On Thu, Oct 30, 2014 at 1:48 AM, rupert THURNER rupert.thurner@gmail.com wrote:
The license is clear, and wmf is an expert in these licenses . So a previous trademark is void in the respect where it restricts what is defined in the license?
Rupert
I'm sorry, I don't completely understand the question but if I understand it correctly: I do in fact believe that they are experts in these licenses and do in fact know what they are doing here. However copyright law and trademark law are completely independent, you can very easily be allowed to do something under copyright law and not allowed to do it under trademark law (and vice versa) these are completely and utterly independent.
The relicensing of the logos (under copyright law) does not affect the trademark policy or any of the Wikimedia Foundation's rights under trademark law... at all.
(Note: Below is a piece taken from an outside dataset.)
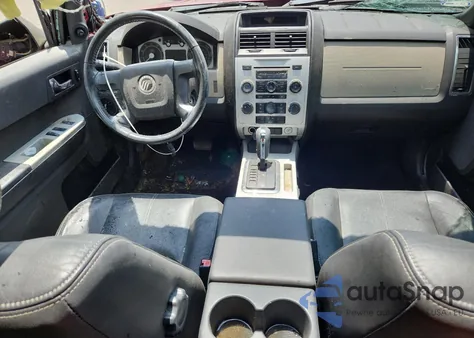 2008 Mercury Mariner из США, поврежденный, VIN 4M2CU811X8KJ03492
This is just like the fact that the coca-cola logo may or may not be Public Domain copyright wise does not mean that someone can make a soda, slap the coca-cola logo on it and be safe (or, in fact, sell almost anything with the coca-cola logo on it because it's so widely recognized that it would be confusing even outside of the soda sphere).
Just as an example to be clear: I don't think i've ever seen the foundation send a takedown to someone using our logos under copyright law, they were always sent because someone was abusing the trademark (pretending to be something official for example). Nothing changes about these takedowns, they are still completely enforceable and completely legitimate.
There is no doubt that the distinction between copyright and trademark law can confuse (this is one of the reasons most organizations, including Creative Commons as I said earlier, keep the copyright more restricted) especially since they often use very similar terms (license, intellectual property, registration etc) but in the end it's fairly simple: they do not affect each other. Whether something is copyrighted (or even copyrightable) is completely independent, and unrelated, to whether it is trademarked (or trademarkable).